Prior to the game on Tuesday at PNC Park, Hurdle said what McDonald needed to focus on in order to bounce back was command. Just better overall command of all of his pitches.
“We shared our thoughts with him,” Hurdle said. “There’s going to be challenges throughout a young player’s development. To have the first half that he’s had, then come into the second half, you want to try and add more, try and be more aggressive with your fastball, more fine with your breaking ball.”
“In James’ case, much like what we did with Erik [Bedard], he’s just got to get back to that feeling he had early. Where there’s confidence, there’s confection, there’s commitment to every pitch he’s throwing.”
Over his first four innings tonight, it looked as if the first half of the season McDonald was on the mound.
After getting his first batter of the game looking on a 1-2 curve, Starlin Castro took the very next pitch for a solo-shot into the right-center field seats. McDonald stayed aggressive and retired his next two straight, including Alfonso Soriano swinging for his second punchout of the frame. Since allowing the long ball, McDonald retired 11 straight and whiffed four during that span. He took the mound in the fifth very efficient at just 46 pitches — just 11 for balls. But the right-hander struggled with his command in the fifth.
After getting a fly out, McDonald issued his first walk of the game. A wild pitch pushed the runner to second, but McDonald managed to get a lineout to third for the second out. The club decided to intentionally walk Luis Valbuena to get to Paul Maholm, but the pitcher drew a four pitch walk to load the bases. DeJesus took an 0-1 pitch and ripped a double down the right field line to drive in two runs.

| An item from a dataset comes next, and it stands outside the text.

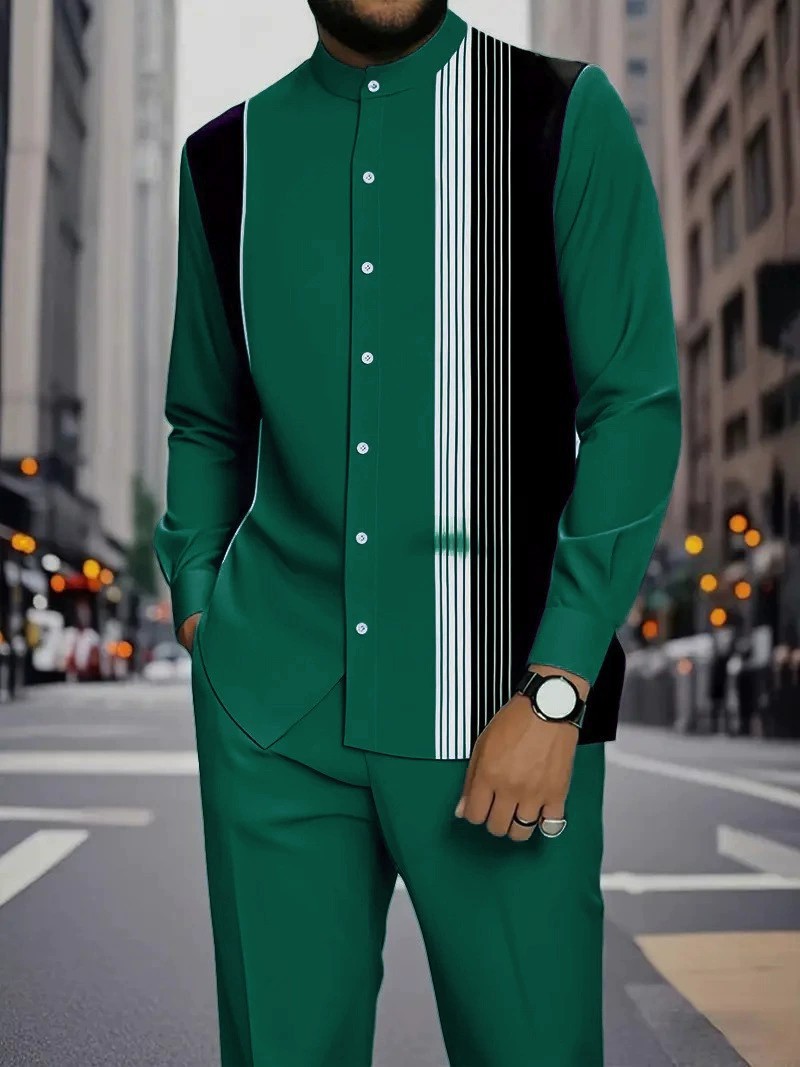 New men's two-piece fashion striped printed long sleeve collar shirt casual trousers suit is suitable for daily leisure commuting party activities.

“I feel like I competed,” McDonald said. “The ball came out a lot better than my previous two. It was a loss I can accept and live with…I had pretty decent command. They just hit the ball when they needed to. I went out there and gave everything I had. I had good stuff. They got me today.”
McDonald struggled again in the sixth, allowing Chicago to plate two more runs. Rookie Anthony Rizzo led off the frame with a base knock up the middle. Soriano followed by crushing a 1-1 pitch to left field for a two-run homer.
“Soriano hit a good pitch,” McDonald said. “Castro, it was a bad pitch but he still hit it. It’s not easy just to hit homers. I tip my hat. They hit the ball when they needed to.”
McDonald has allowed at least four runs in each of his last three starts since the All-Star break. During that span, he’s posted a 8.89 ERA. Overall on Tuesday, McDonald allowed five runs on five hits over six innings. He walked three and struck out six while throwing 87 pitches, 57 for strikes.
“He was so much better across the board,” Hurdle said. “Downhill plane with his fastball, consistent velocity, breaking ball was better, slider was better. A couple pitches he’d like to have back. I got in the way with the intentional walk. It was so much cleaner. That’s the James that we saw the first half of the season albeit a couple misses. Sometimes they make the same pitches and they don’t get hit. Tonight they were hit. Mistakes were made, they hit, they took advantage of it.”
“Just tried to focus a little bit more,” McDonald said on what he focused on between the two starts. “Worry about being down in the zone a little bit better. The results may not be as good as you see, five runs, but I think I took step forward from my previous two. I went after guys. Had good stuff. It was decent even though the results weren’t there.”